Just before the meeting opened Thursday, Japanese Prime Minister Junichiro Koizumi agreed with the leaders of Thailand, Malaysia and the Philippines to open free trade agreement negotiations early next year.
Japan was also expected to sign a regional security pact with the 10-country Association of Southeast Asian Nations.
The summit, proposed by Koizumi after a Southeast Asian tour last year, marks the first time the ASEAN leaders have met outside of their region.
It is being seen by Japan -- which is not an ASEAN member -- as an opportunity to bolster its political and economic standing in the region amid an increasing challenge from China.
Koizumi was expected to sign ASEAN's non-aggression pact -- the 27-year-old Treaty of Amity and Cooperation in Southeast Asia -- by which countries pledge respect for each other's independence, sovereignty and territorial integrity.
He was also scheduled to meet with the leader of Myanmar's military regime and discuss Japan's concerns over the junta's treatment of pro-democracy leader Aung San Suu Kyi.
Japan had been Myanmar's largest aid donor, but its relations with Myanmar soured at an ASEAN summit in Bali in October, when Koizumi confronted Prime Minister Khin Nyunt on the detention of Suu Kyi, a Nobel Peace Prize laureate.
Japan suspended economic assistance in June after the military government detained Suu Kyi following a clash between her supporters and a pro-junta mob on May 30. In September she was transferred to house arrest at her lakeside villa in the capital, Yangon.
Japan is ASEAN's second-largest trading partner and investor, after the United States. The bloc's trade with Japan was worth an estimated 13.4 trillion yen (US$122.9 billion) in 2002. Japan supplied 60 percent of the region's overseas aid in 2001.
Despite the agreements Thursday to begin trade-opening negotiations, Japan has lagged behind in reaching such pacts, and difficulties were expected in the months ahead.
Japan's only trade liberalization pact to date has been with Singapore, a small Southeast Asian city-state that exports few of the agricultural goods that threaten Japan's politically powerful farmers.
Exploratory negotiations with Thailand -- Japan's eighth-largest export market -- ran into trouble over concerns that a surge in shipments of cheap Thai rice would overwhelm Japan's domestic producers.
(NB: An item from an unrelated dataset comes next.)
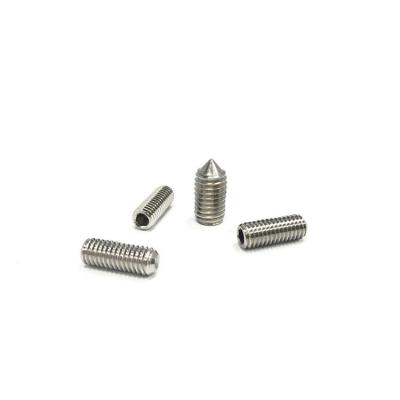 Chine Pan High quality factory direct sales scoop screw/set screw à vendre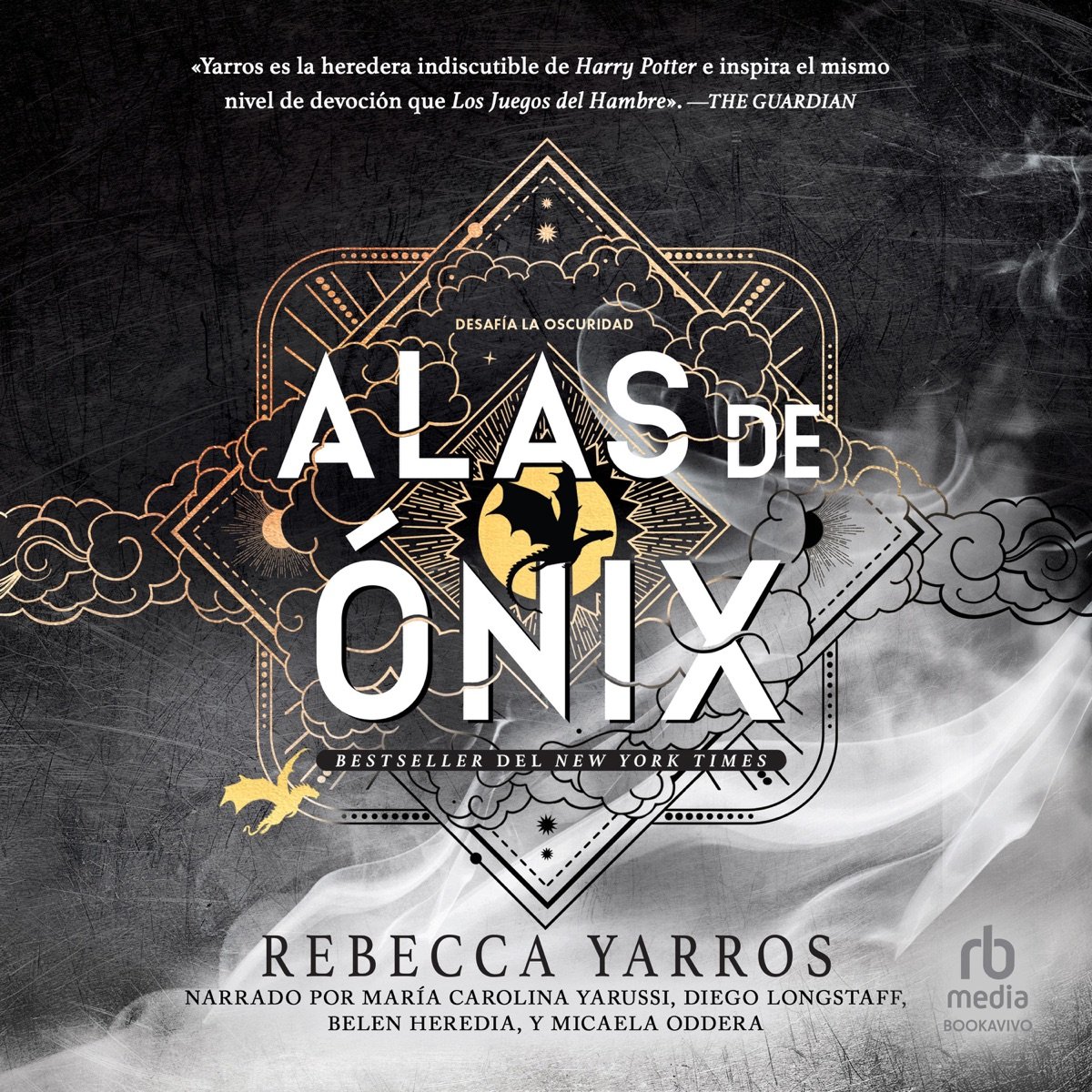 Portada de Alas de Ónix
Still, Koizumi has voiced hope that liberalizing trade would spur economic growth and boost reform at home.
In a joint statement issued Thursday with Thai Prime Minister Thaksin Shinawatra, Koizumi cited the additional pressures free trade would create for reform as one motive for negotiating an agreement.
ASEAN members are Brunei, Cambodia, Laos, Vietnam, Indonesia, the Philippines, Singapore, Myanmar, Malaysia and Thailand.